On April 22, 2026, the Ministry of Electronics and Information Technology quietly published an extraordinary Gazette notification that India's online gaming industry had been waiting — and dreading, depending on which side of the fence you sit on — for eight months. The Promotion and Regulation of Online Gaming Rules, 2026 (the Rules), made under the Promotion and Regulation of Online Gaming Act, 2025 (PROGA), come into force on May 1. They are, at last, the operational blueprint for the most sweeping restructuring of India's digital gaming sector in its history.
What PROGA Did — A Recap
When Parliament passed PROGA in August 2025 — in under two days, with minimal debate — it drew a blunt line through an industry worth ₹23,000 crore. Online money games are flatly prohibited, regardless of whether they involve skill or chance. The decade-long judicial debate over rummy, fantasy sports and poker — a debate on which entire business models had been built and billions of dollars of foreign investment had been premised — was rendered irrelevant overnight. E-sports are formally recognised and promoted. Online social games are permitted. And every link in the advertising chain — advertisers, agencies, influencers, platforms, OTT services and ad networks — faces criminal liability for any direct or indirect promotion of online money gaming, with penalties of up to two years' imprisonment and fines of approximately $55,000.

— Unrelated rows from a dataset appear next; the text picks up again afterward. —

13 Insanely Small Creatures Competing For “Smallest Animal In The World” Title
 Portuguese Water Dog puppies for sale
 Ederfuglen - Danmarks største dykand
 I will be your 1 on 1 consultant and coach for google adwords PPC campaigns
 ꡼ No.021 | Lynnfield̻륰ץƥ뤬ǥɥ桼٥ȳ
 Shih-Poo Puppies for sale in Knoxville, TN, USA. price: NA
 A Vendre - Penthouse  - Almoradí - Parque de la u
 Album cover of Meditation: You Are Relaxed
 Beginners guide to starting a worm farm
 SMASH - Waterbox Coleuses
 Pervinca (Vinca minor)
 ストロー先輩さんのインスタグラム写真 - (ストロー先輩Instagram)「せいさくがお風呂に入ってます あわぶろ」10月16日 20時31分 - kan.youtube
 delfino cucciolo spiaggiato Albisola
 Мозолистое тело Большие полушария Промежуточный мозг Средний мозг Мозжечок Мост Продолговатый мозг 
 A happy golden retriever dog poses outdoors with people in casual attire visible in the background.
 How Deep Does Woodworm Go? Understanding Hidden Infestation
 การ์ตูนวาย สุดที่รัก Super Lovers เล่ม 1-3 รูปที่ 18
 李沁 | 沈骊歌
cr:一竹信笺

The Act received Presidential assent but its implementing rules were not notified for eight months. In that void, banks cut off payment services, gaming companies watched their workforces collapse, foreign investors wrote off billions, and enforcement — through the ED, blocked websites, and banking freezes — proceeded anyway. The Supreme Court, meanwhile, has been asked to rule on PROGA's constitutional validity, with the challenge still pending.
What the Rules Actually Do
The Rules operationalise PROGA through a new body: the Online Gaming Authority of India (OGAI). This is a six-member, MeitY-chaired inter-ministerial authority drawing in the Ministries of Home Affairs, Finance, Information and Broadcasting, Youth Affairs and Sports, and Law and Justice. It is designed to function as a digital-first regulator.
The OGAI's central task is determination — formally classifying whether a given game is an online money game or a permissible social game or e-sport. This process must be completed within 90 days of a complete application. A determination order, once issued, is specific to the game and the operator: a clearance for one company's version of a game does not extend to another's. The OGAI will maintain and publish a running list of games determined to be online money games — which, for advertisers and their agencies, becomes the essential compliance reference.
Critically, online social games require no proactive registration unless the government notifies otherwise or OGAI initiates a review on its own motion. Free-to-play and non-monetary games are therefore on a light-touch "respond to complaints" basis — a deliberate softening from the October 2025 draft rules, which had proposed mandatory registration for all games regardless of monetisation. E-sports, however, must register, and registration requires prior recognition under the National Sports Governance Act, 2025. Banks and payment providers must verify registration certificates before facilitating any financial transactions in relation to e-sports or social games.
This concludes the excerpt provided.